TOKYO – Organizers of this year’s rebranded Tokyo Motor Show, bracing for another meager international turnout, plan to cast a wider net for locals by incorporating everything from dance displays and music festivals to all manner of things on wheels, from robots to food trucks.

After the presence of overseas carmakers at Japan’s premier auto expo shrank to just four brands at the last gathering in 2019, organizers rebranded the event as the Japan Mobility Show. But international participation is expected around the same level when doors open in October.

Jun Nagata, head of the show’s organizing committee at the Japan Automobile Manufacturers Association, acknowledged that motor shows worldwide have been “shrinking” over the years.

“Only national carmakers now take part in their country’s motor show,” he said at a Wednesday briefing. “Given such a trend, this small representation by foreign carmakers is understandable.”

At the last Tokyo Motor Show in 2019, only four international brands showed up — Mercedes-Benz, Smart, Renault and Alpine — while the event drew more than 1.3 million people.

This time, JAMA wants to attract 1 million visitors during its Oct. 25-Nov. 5 run.

Organizers expect about 220 companies, plus 100 startups competing in a business pitch contest. That compares with the 192 companies that attended the 2019 Tokyo Motor Show.

JAMA said it would identify this year’s participants at a later date.

Nagata, who also serves as chief communications officer at Toyota Motor Corp., said the reinvented show wants to be a mix of the Davos summit for the World Economic Forum, the annual Consumer Electronics Show and the South by Southwest music and arts festivals.

JAMA wants the rechristened event to rekindle interest through a broader platform for everything related to mobility, from disaster response robots and food trucks to mobility as a service businesses and startups. JAMA hopes it helps reinvigorate Japan’s manufacturing sector.

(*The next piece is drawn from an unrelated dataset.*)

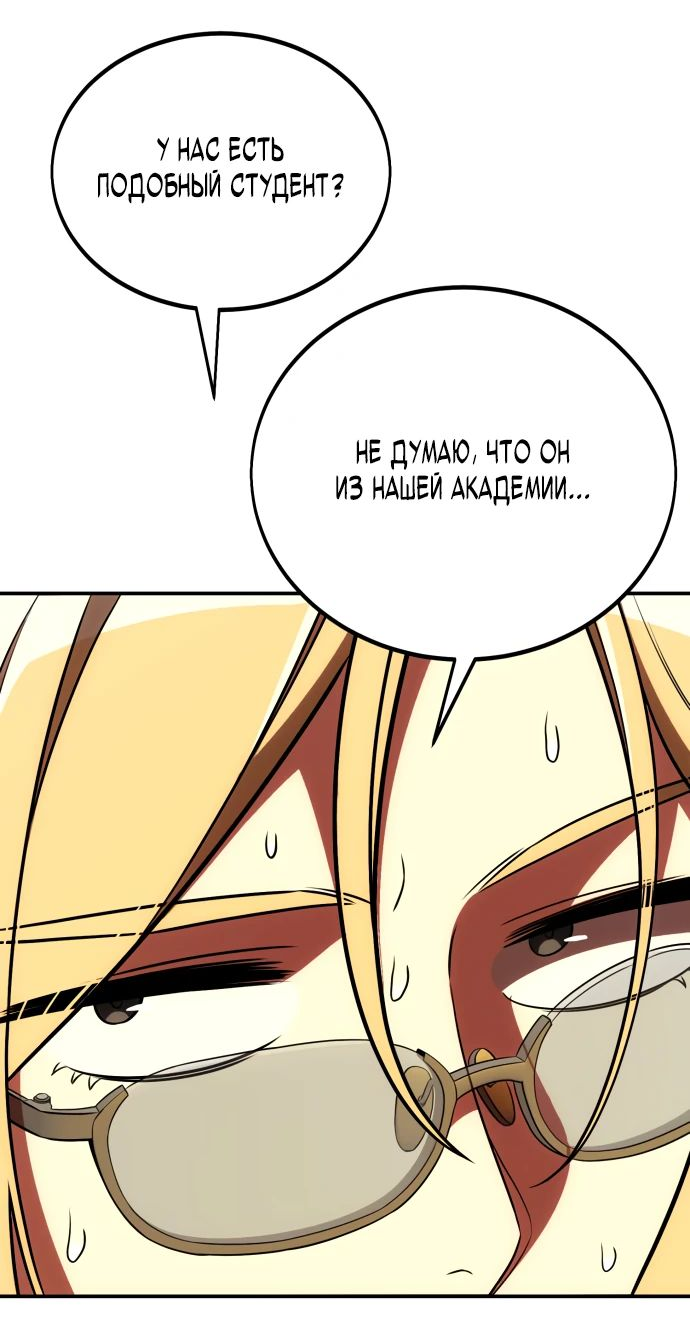 Read Я убил игрока академии RU Manga Online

“Over time, we will accumulate experience and hope that overseas companies will view Tokyo as the place to talk about mobility,” Nagata said. “We will take on the challenge of creating a platform in which all kinds of participants can take part.”

The Japan Mobility Show will have three focal points — the Tokyo Future Tour, the Startup Future Factory and the Japan Future Session.

The Japan Future Session will be a series of discussion panels. Organizers plan to invite experts such as Gill Pratt, the CEO of the Toyota Research Institute, and host dialogues with the likes of JAMA Chairman Akio Toyoda and other leaders of Japan’s car industry.

Talk shops are also envisioned as involving startup entrepreneurs. They will cover such topics as electrification, future mobility societies and Japan’s multi-path approach to carbon neutrality.

“We would like to evolve this mobility show into a global event that can draw attention from all around the world,” Nagata said. “We are working hard to lay the foundations.”